Requirement:
Your reply should be the whole listing, copied exactly, with the pictures left out.

Supplied data:
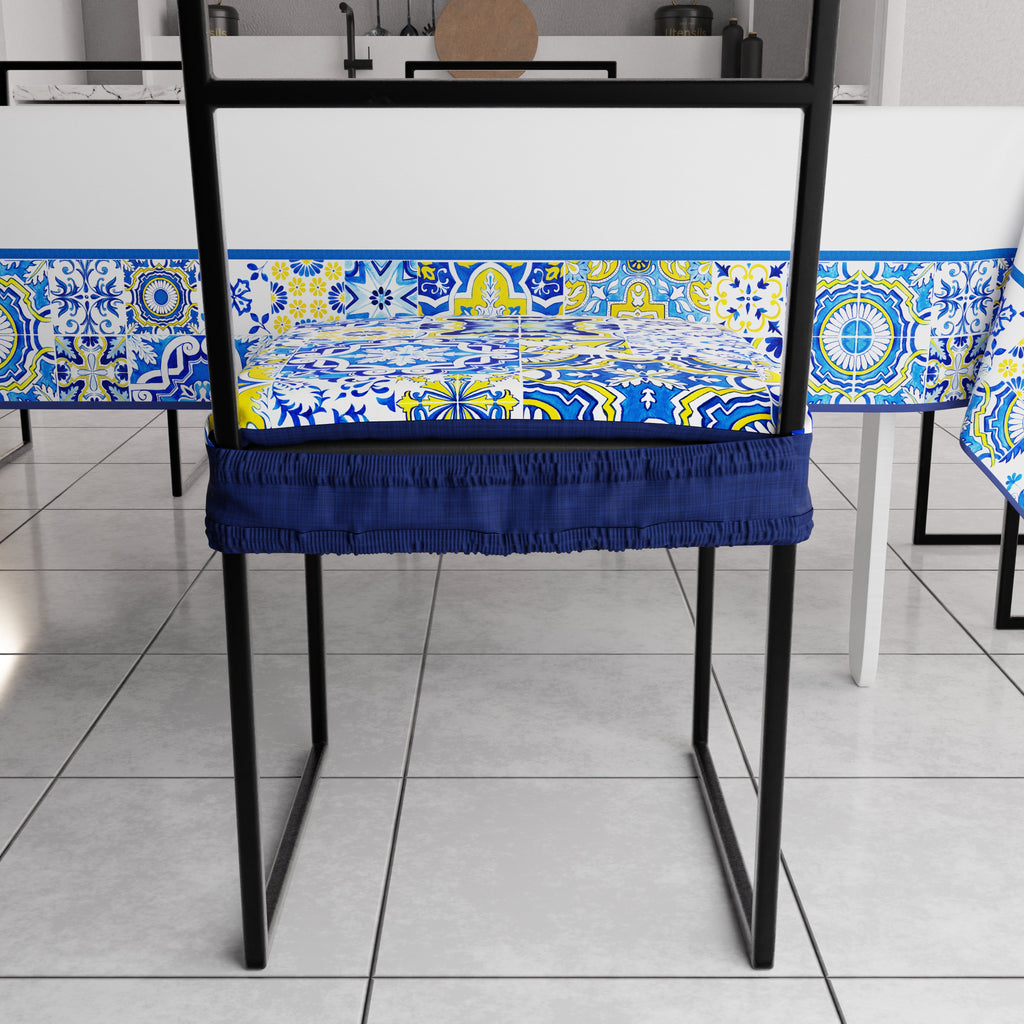 Cuscini per Sedie con Elastico Coprisedia in Stampa Digitale 2 Pezzi Vietri 02 Blu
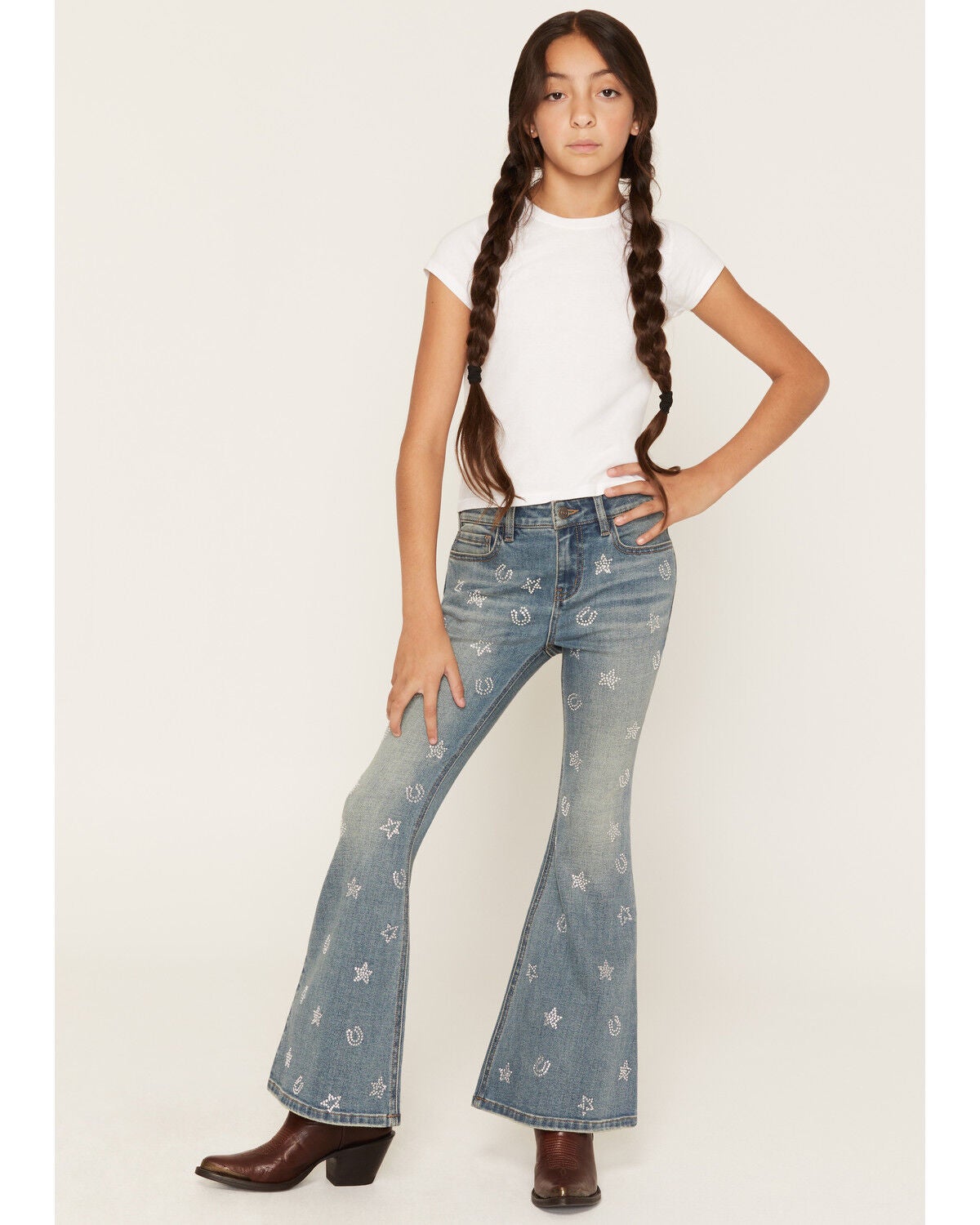 Shyanne Girls' Amber Dark Wash Rhinestone Embellished Lacey Flare Stretch Denim Jeans, Dark Wash, hi-res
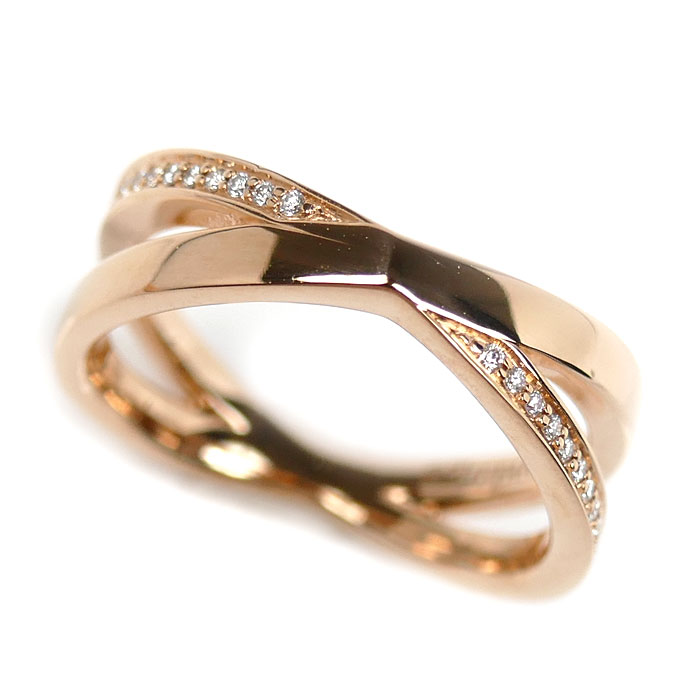 TIFFANY&Co. ティファニー K18PG ピンクゴールド アトラス X ナロー ダイヤ リング・指輪 ダイヤモンド0.08ct 8号 3.9g レディース 中古 美品 108,900円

Your solution:
 Cuscini per Sedie con Elastico Coprisedia in Stampa Digitale 2 Pezzi Vietri 02 Blu
 Shyanne Girls' Amber Dark Wash Rhinestone Embellished Lacey Flare Stretch Denim Jeans, Dark Wash, hi-res
 TIFFANY&Co. ティファニー K18PG ピンクゴールド アトラス X ナロー ダイヤ リング・指輪 ダイヤモンド0.08ct 8号 3.9g レディース 中古 美品 108,900円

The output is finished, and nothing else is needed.